= WHAT NEEDS TO BE DONE =
Quote the records that follow in full, leaving the pictures out.

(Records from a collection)

>>

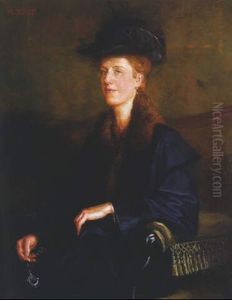 Halbfigurliches Portrait Einer Blonden Dame Halbfigurliches Portrait Einer Blonden Dame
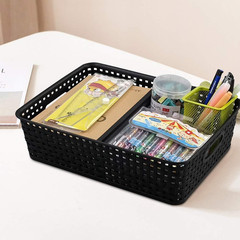 Stylish Black 4-Pack Plastic Storage Baskets for Paper & Organization
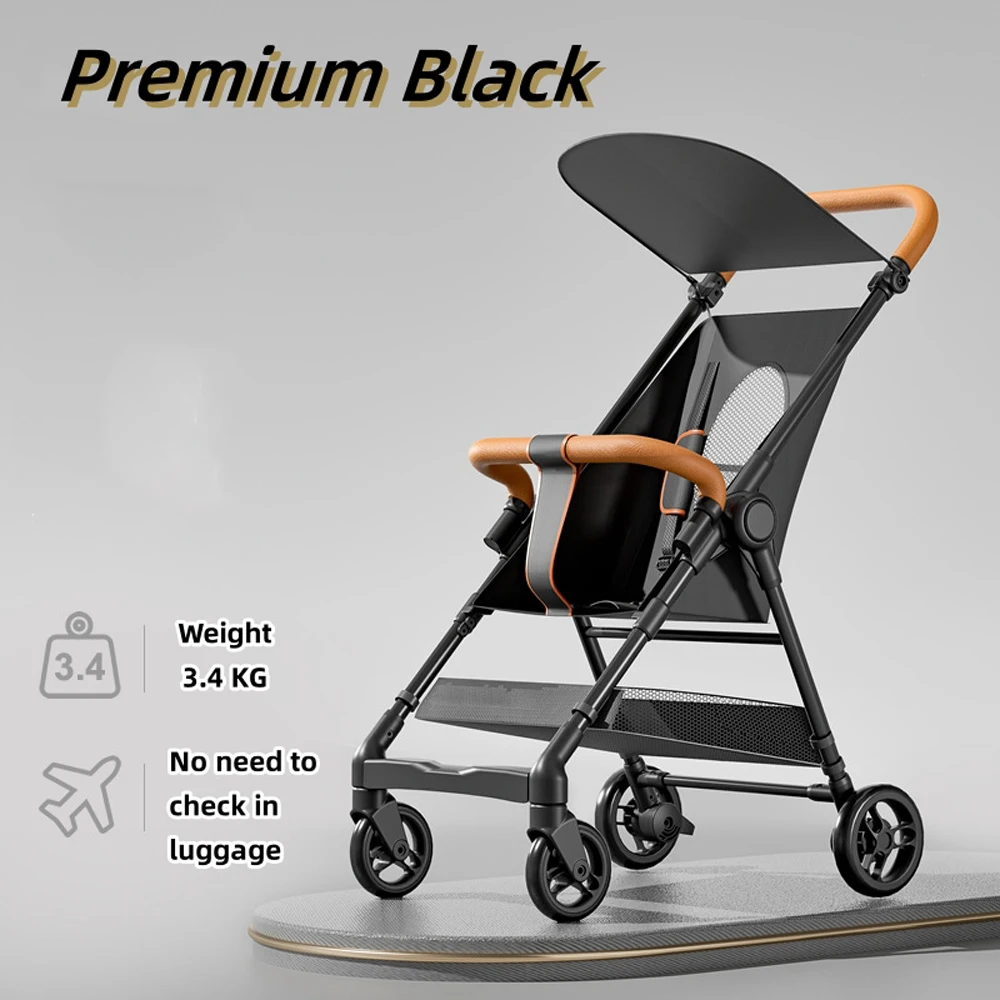 Poussette bébé portable légère pliable 4 roues design moderne minimaliste blanc idéale pour sorties voyages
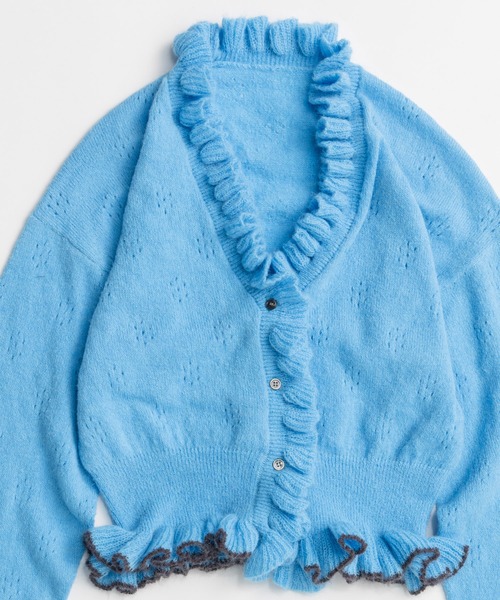 MAISON SPECIAL(メゾンスペシャル)の「V-Neck Frill Cardigan/Vネックフリルカーデ(カーディガン/ボレロ・レディース・ブルー/グレー/ブラック・FREE)」の16枚目の写真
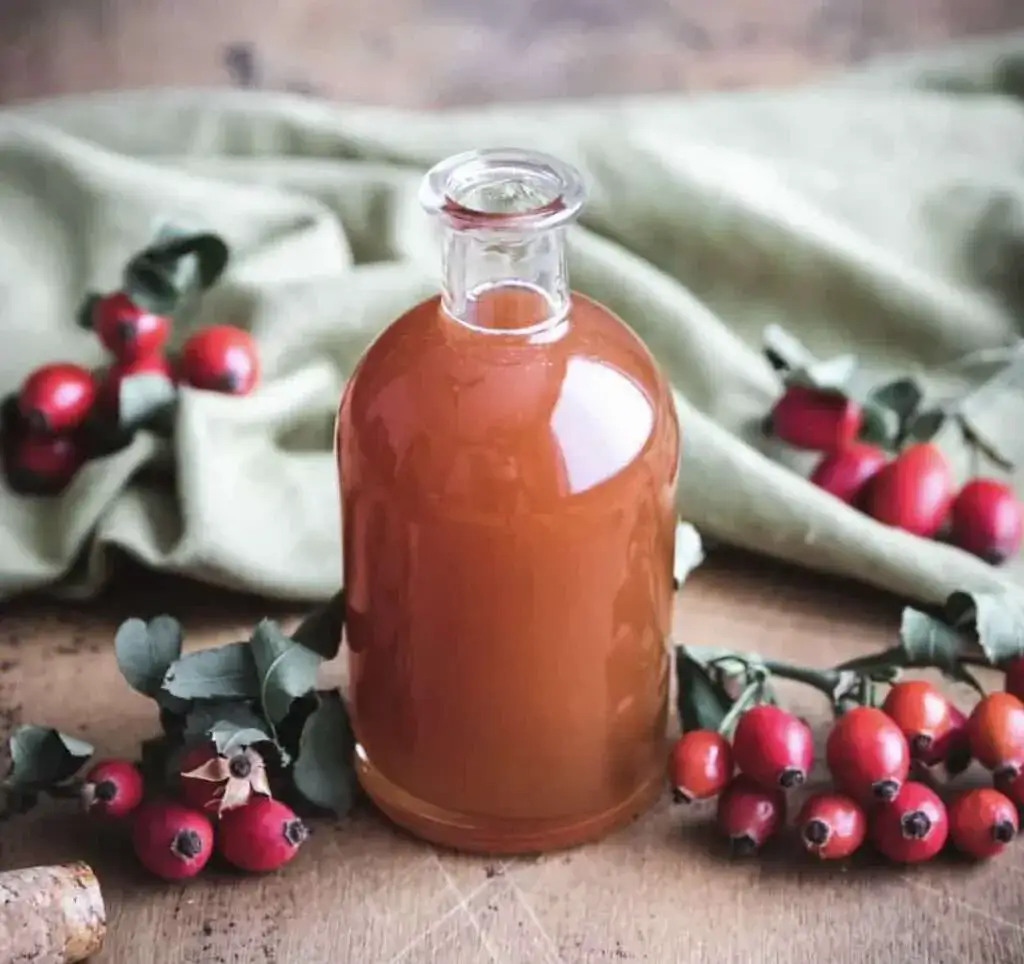 Sok z dzikiej r&oacute;ży w szklance z owocami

<<

= OUTPUT FOR THIS TASK =
 Halbfigurliches Portrait Einer Blonden Dame Halbfigurliches Portrait Einer Blonden Dame
 Stylish Black 4-Pack Plastic Storage Baskets for Paper & Organization
 Poussette bébé portable légère pliable 4 roues design moderne minimaliste blanc idéale pour sorties voyages
 MAISON SPECIAL(メゾンスペシャル)の「V-Neck Frill Cardigan/Vネックフリルカーデ(カーディガン/ボレロ・レディース・ブルー/グレー/ブラック・FREE)」の16枚目の写真
 Sok z dzikiej r&oacute;ży w szklance z owocami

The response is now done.